Alexander Hamilton once called the national judiciary "the least dangerous branch." Was he correct?
I would tend to agree with this statement. I will talk about why the judiciary cannot be much of a danger (rather than talking about why the other branches can be dangerous).
First, the judiciary can only respond to cases that are brought to them. They cannot go out and proactively get involved in whatever area of policy they like. This greatly limits their scope as they cannot act on taxes, health care, foreign policy, things like that.
Second, the judiciary must rely on the other branches to carry out its judgements. If the judiciary's decisions are too far out of the mainstream, they are not likely to be enforced (for example, their decision in Worcester v. Georgia that Pres. Jackson would not enforce). This will seriously damage their credibility and they will want to avoid that.
So, even though judges are unelected and cannot really be removed, they are unable to do all that much compared to other branches. They cannot touch many areas of policy and even in the areas they can effect they must be careful not to be too radical.

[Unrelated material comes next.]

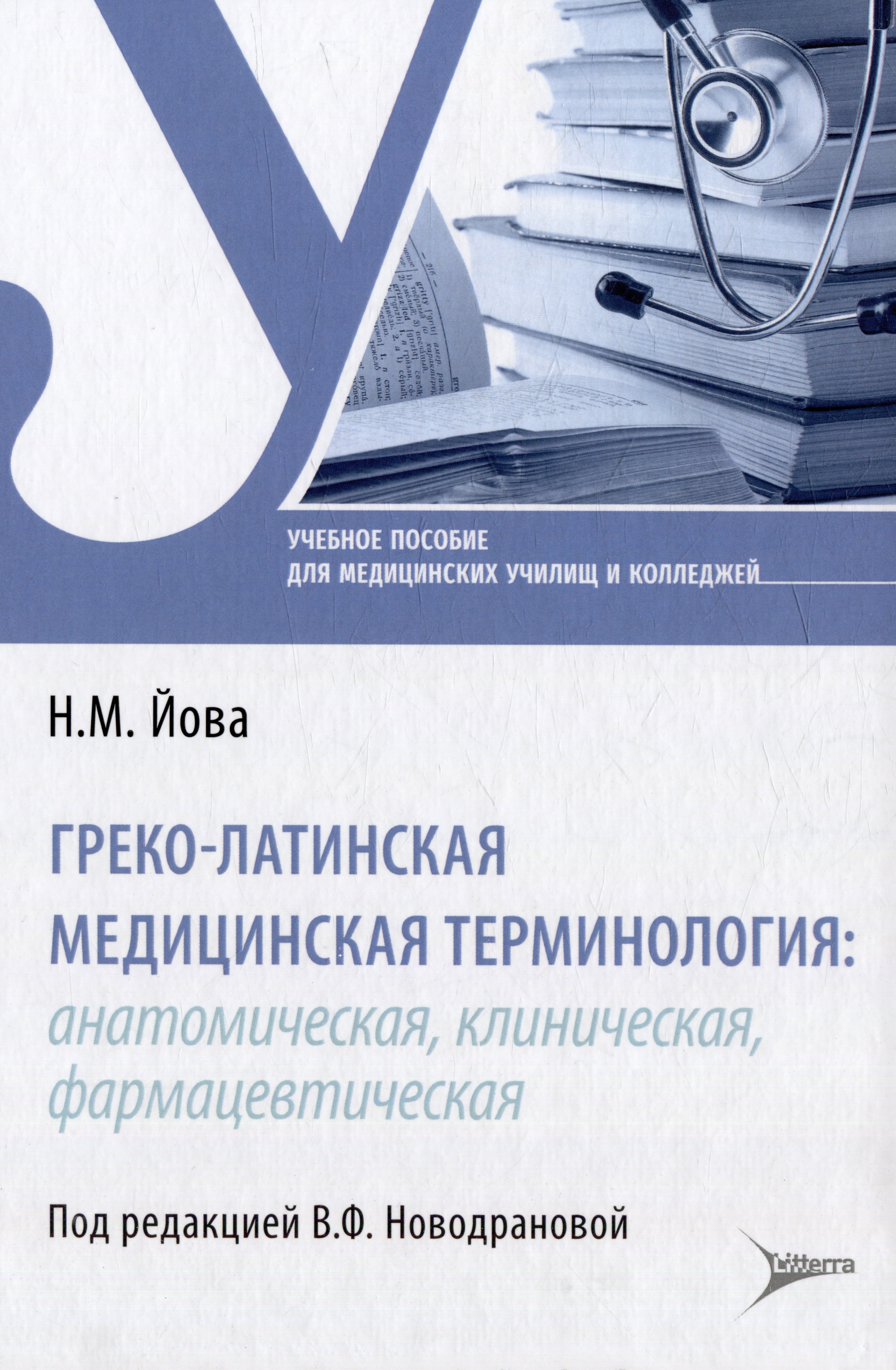 

Греко-латинская медицинская терминология: анатомическая, клиническая, фармацевтическая: учебное пособие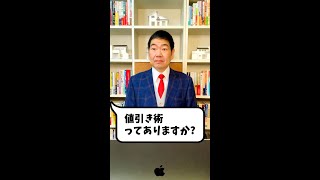 中古マンションの値引き交渉術。成功する為のポイントを公開！【おうち売却の達人】#shorts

I think that Hamilton is correct in his assertion. The primary function of the judicial is to interpret the Constitutionality of laws and actions of the legislative and executive branch. In this respect, its power is limited to being a strong response to the other two. It does not have the explicit powers of being able to initiate anything, and in this respect, it represents the least amount of danger because it is not going to do anything that will plunge the nation into peril. At its worst, it is going to interpret the Constitution, which cannot be considered dangerous because this is the essence of American jurisprudence and the "supreme law of the land."